We were all away at school at times but never felt out of touch. There would be comfort food to take back after weekends at home, perhaps a large sticky ginger cake, or white christmas cake..

Mother had her mischievous side too. When I was in the cadet force. We had an afternoon exercise up on the Mendips, which coincidentally was not far from Shipham and Broadway Lea…

Our team were defending Burrington Combe and the other team were trying to attack and they were creeping their way and trying not to be discovered and Mother picked us up, took us home to Broadway Lea for tea and cake. So we had a cup of tea and cake and then she took us back out again and no-one was any the wiser. And all this was before mobile phones were invented!

She also used to deliver the roughest cider from Wootton to the school, for us to consume at celebration evenings.

She was the Home Support Team Taxi Driver. Anywhere.

She was passionate about bridge - in Stafford aged 3 or 4, my sisters Hilary and Frances used to lean over the bannisters to see the Bridge Four coming, remembering the lacy tea cloths and dainty cups. And later in life, when she was less mobile she would still insist on driving to collect her partner and take her to play cards.

And golf. In particular I remember her discussion with my father when she had just been elected Ladies Golf Captain – you’ve seen one of the cups she won - and how she was planning what she had to do for fixtures and so on. This was a side – running things outside the home – that we hadn’t seen before.

She left behind 4 children, 7 grandchildren, 10 great grandchildren.

When my daughter Alexandra was growing up, mother was assiduous about keeping in touch with her grandchildren, and I remember the many times she would take the three of us to lunch at the golf club or the Old Colonial and talk about how Alexandra was doing. Stephanie Paul Fran, Helen, Alexander and Kate have similar affectionate memories of their time spent with Mimi.

And later she loved it when her great grandchildren came to visit and entertain her.

She had guts. After my father died in 1981 - and perhaps taking her resolve from the war years and food shortages when, like most families at the time when my father was away for long periods, she had to fend as a lone parent for her two girls - in the final third of her life, when previously most travel had been organised by my father, she took to organising quite a lot of world travel on her own…

In fact it was quite soon after my Father died that Mother was arranging a trip to stay with me in Manila, taking on many new experiences.  Again showing a side of her character that she had kept hidden under the shadow of my father.

In general her traveling was very successful – going to Africa for a Safari and Champagne Balloon Ride for instance - apart from the time she left her passport behind when going to visit Clive in Germany – solved by someone taking a rather lengthy trip from home in Somerset to Victoria coach station…

She was self effacing. On her birthdays she made a habit of booking perhaps a weekend away so as not to be at home – she didn’t like a fuss about herself.
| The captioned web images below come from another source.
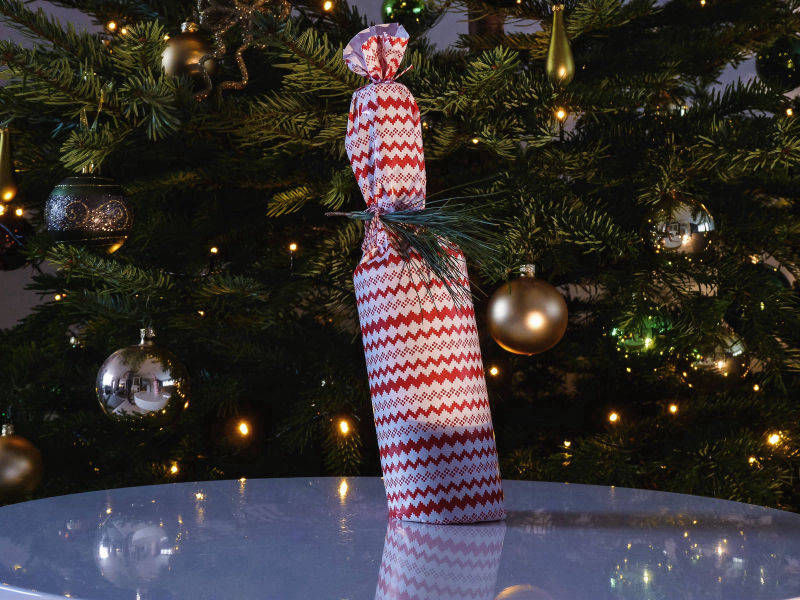 Ingepakte kerst fles drunken mel caramel likeur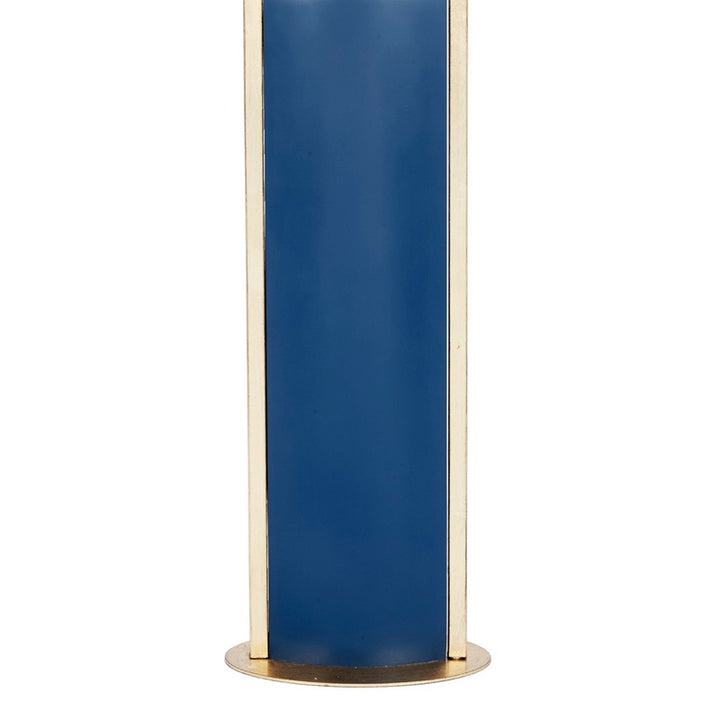 Blue column base table lamp with gold metal frame, shade not visible.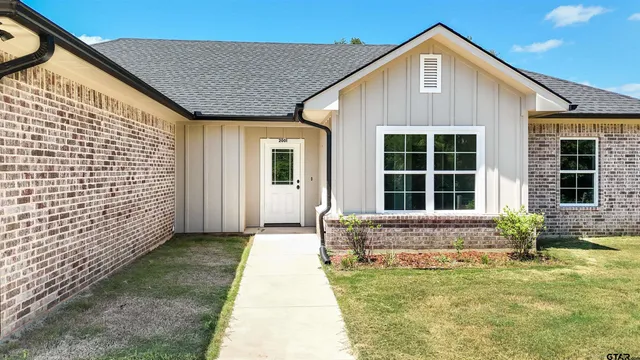 front view of a house with a large window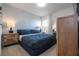 Main bedroom with a king-size bed, nightstands and dresser at 7049 Oakwood St, Davenport, FL 33837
Clive, who dedicated many recent years to her care, reminded me of Mother’s abiding sense of humour in the midst of much pain. As did Jenny.
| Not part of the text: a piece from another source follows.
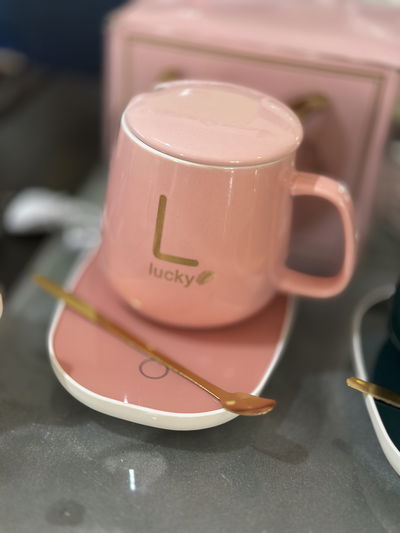 Taza rosa con tapa, cucharita y calentador eléctrico rosa y verde 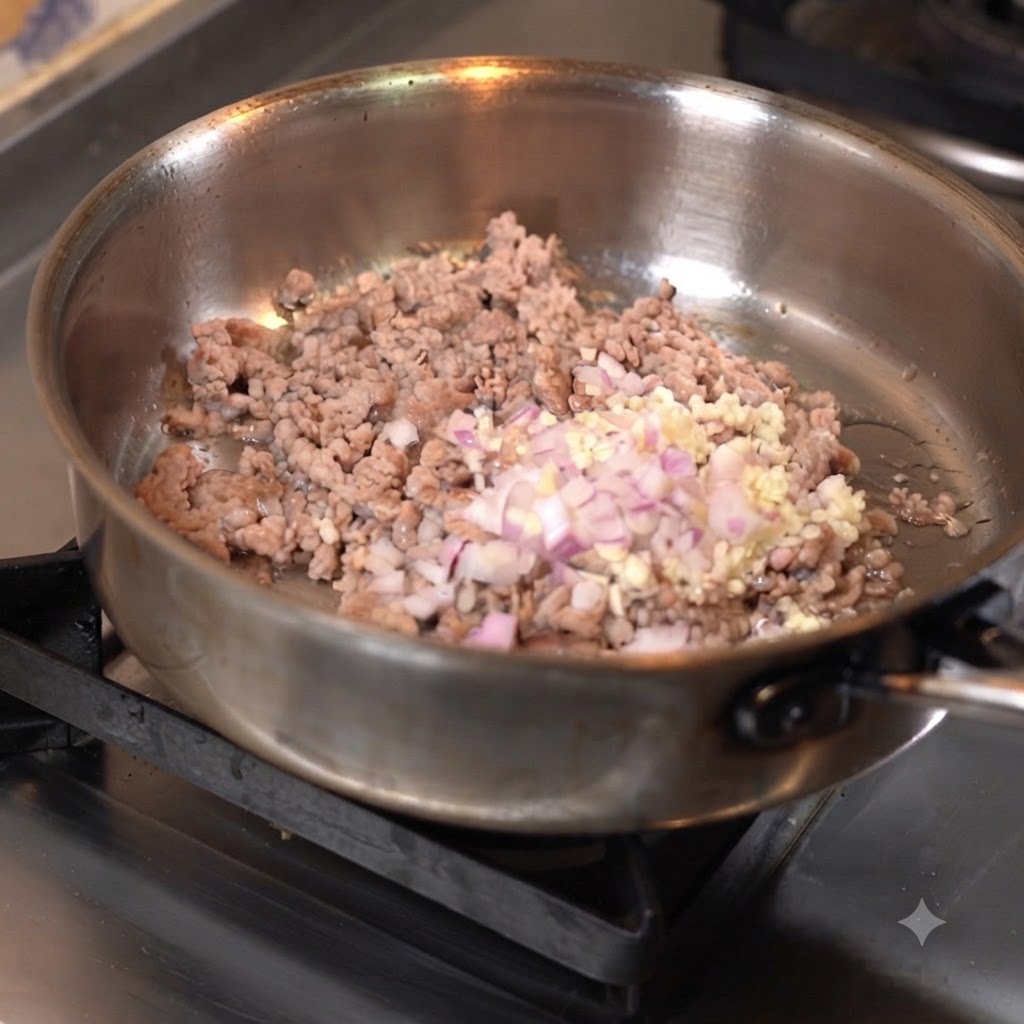 Viande hachée sautée dans une poêle avec de lail et des oignons hachés.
In her final years, when her health got the better of her, her smiling nature was a delight for those who cared for her, and even the ambulance crews who ferried her to operations in Bristol remarked on how her buoyant cheerfulness shone through.

Born in the middle of the conflict of the first world war, she died on Valentines Day – her life was so full of love - and now we celebrate her life on International Women's Day.

As her daughter in law Katie, who remembered teaching her how to snorkel in the South China Sea when she was 65, said “She lived an exemplary life, had a wonderful sense of humour, and was always gracious and kind. Mimi was very adventurous …. A true woman of her generation, you won't find many like her anymore.”

May she rest in peace.

† Joan Johnston 20 September 1915 - 14 February 2017  R.I.P.